Pros: Fast; works well for tables which are not too complicated. Cons: Requires rule-based parsing; Less flexible; No bounding box.
filename = "example_files/embedded-images-tables.pdf"
with open(filename, "rb") as f:
files=shared.Files(
content=f.read(),
file_name=filename,
)
req = shared.PartitionParameters(
files=files,
strategy="hi_res",
hi_res_model_name="yolox",
skip_infer_table_types=[],
pdf_infer_table_structure=True,
)
try:
resp = s.general.partition(req)
elements = dict_to_elements(resp.elements)
except SDKError as e:
print(e)
tables = [el for el in elements if el.category == "Table"]
table_html = tables[0].metadata.text_as_html
from io import StringIO
from lxml import etree
parser = etree.XMLParser(remove_blank_text=True)
file_obj = StringIO(table_html)
tree = etree.parse(file_obj, parser)
print(etree.tostring(tree, pretty_print=True).decode())

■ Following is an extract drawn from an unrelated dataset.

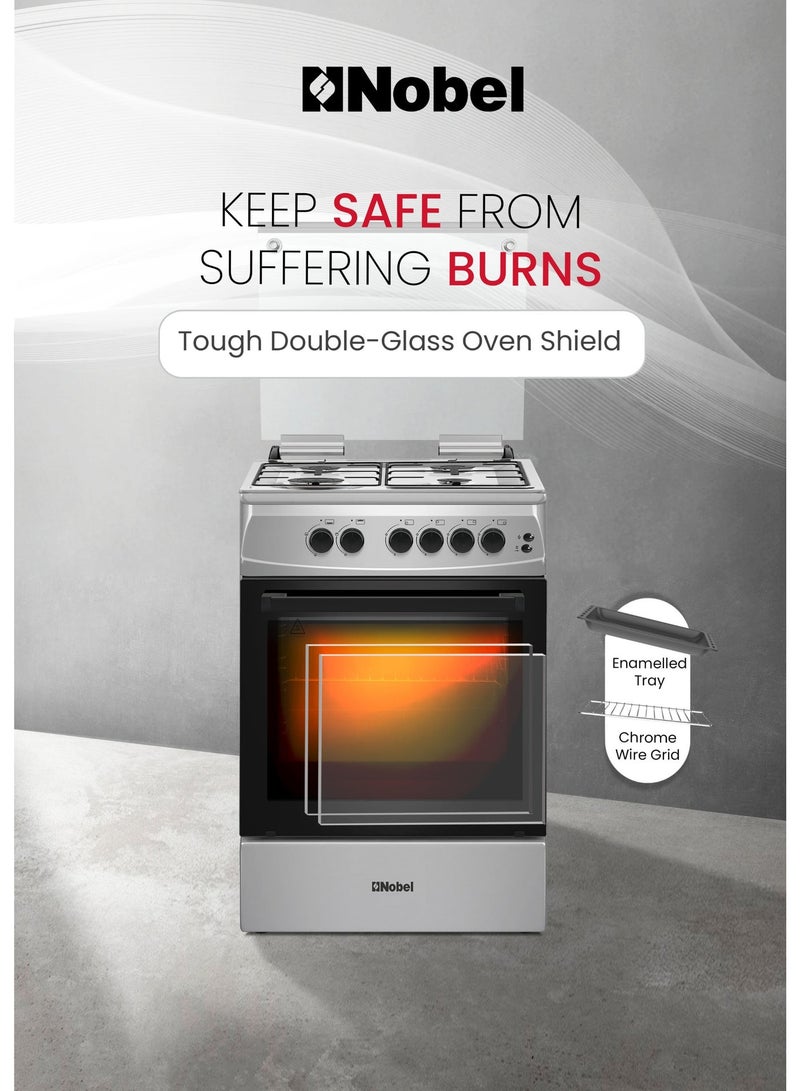 Nobel 60x60cm Gas Cooking Range with 4 Euro Pool Burners 70L Gas Oven, Double Glass Door, Full Push-Button Ignition, Flame Failure Safety Device, Glass Top Lid, Adjustable Legs - (1 Year Warranty) 4 NGC6611I silver - Image 4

06. Build your own RAG Bot¶
%%{init: {'flowchart' : {'curve' : 'stepAfter'}}}%%
flowchart-elk TD
subgraph Unstructured Data
A1[HTML]
A2[PowerPoint]
A3[PDF]
end
subgraph RAG System
B[Vector Database]
C[Prompt: Context + Query]
D[LLM]
E[User]
end
A1 -->|Extract| B
A2 -->|Extract| B
A3 -->|Extract| B
E -->|Query| B & C
B -->|Context| C
C -->|Prompt| D
D -->|LLM Response| E
Code example not included because it breaks with Chroma. Chroma expects metadata to be a simpler type, and some of the metadata is a list with bounding boxes and text content in the example.
07. Conclusion¶
Learnings: Extracting data, metadata extraction, chunking, vector databases, semantic and hybrid search, building a RAG bot.